Given data →
□ □ □
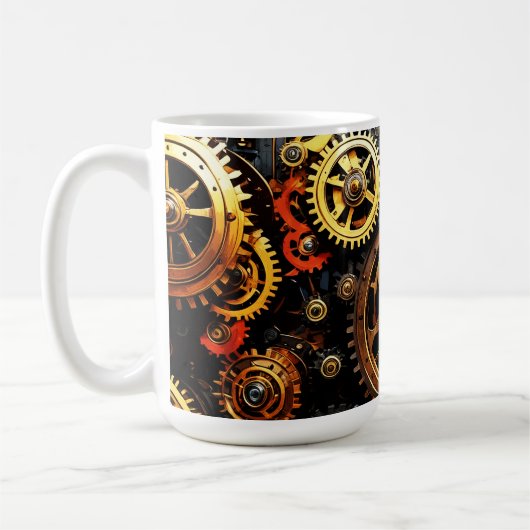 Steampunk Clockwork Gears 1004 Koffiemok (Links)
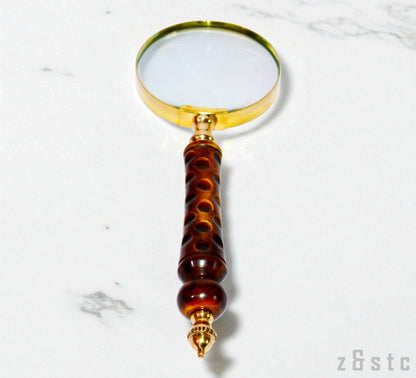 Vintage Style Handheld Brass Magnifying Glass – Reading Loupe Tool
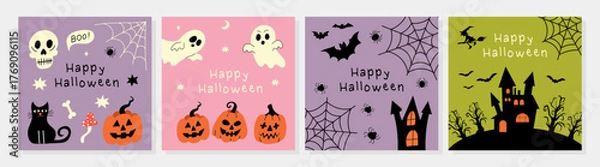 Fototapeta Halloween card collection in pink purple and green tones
□ □ □
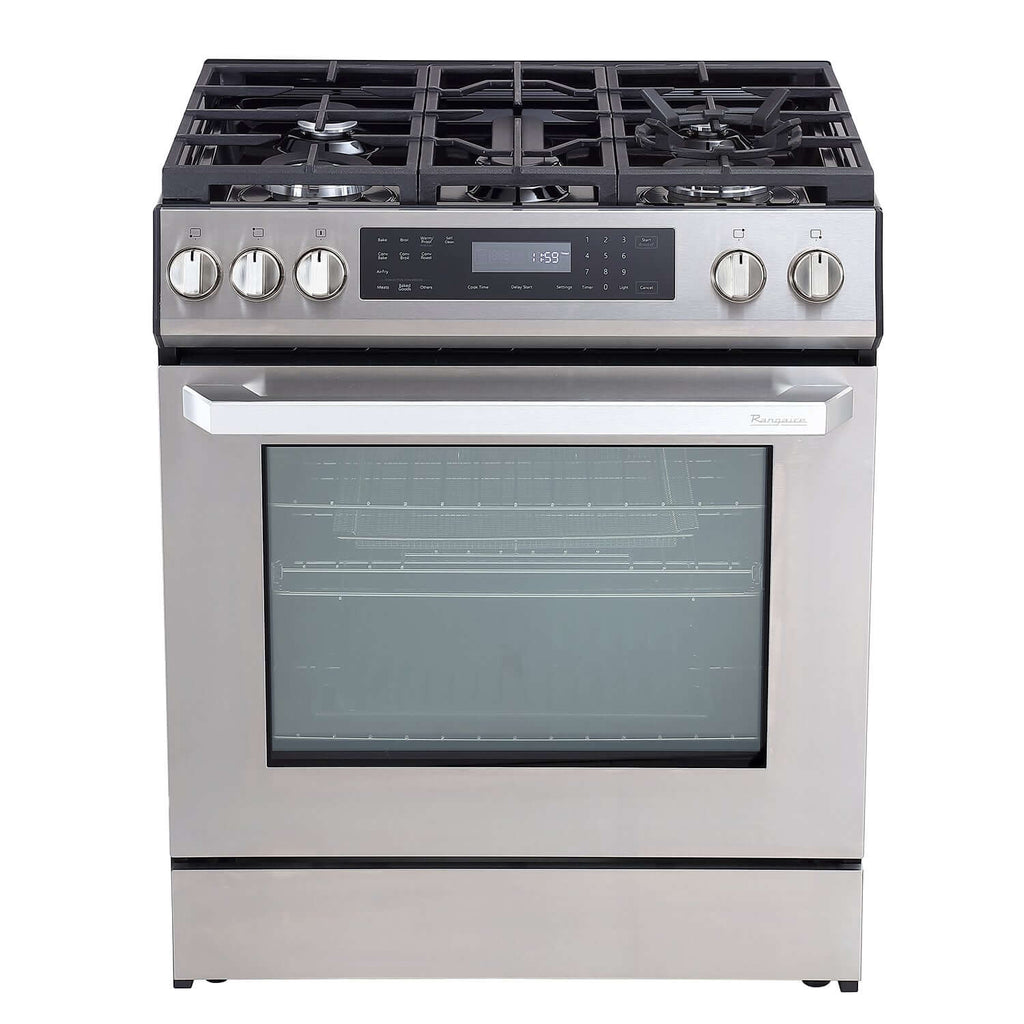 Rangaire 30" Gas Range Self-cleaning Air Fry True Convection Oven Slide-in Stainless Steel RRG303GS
□ □ □
Exercise aim →
Within the entries above, the lines from the one containing "Steampunk Clockwork Gears" through the one containing "Fototapeta Halloween card" are to be transcribed exactly, ends included, pictures excluded.

Completed task →
 Steampunk Clockwork Gears 1004 Koffiemok (Links)
 Vintage Style Handheld Brass Magnifying Glass – Reading Loupe Tool
 Fototapeta Halloween card collection in pink purple and green tones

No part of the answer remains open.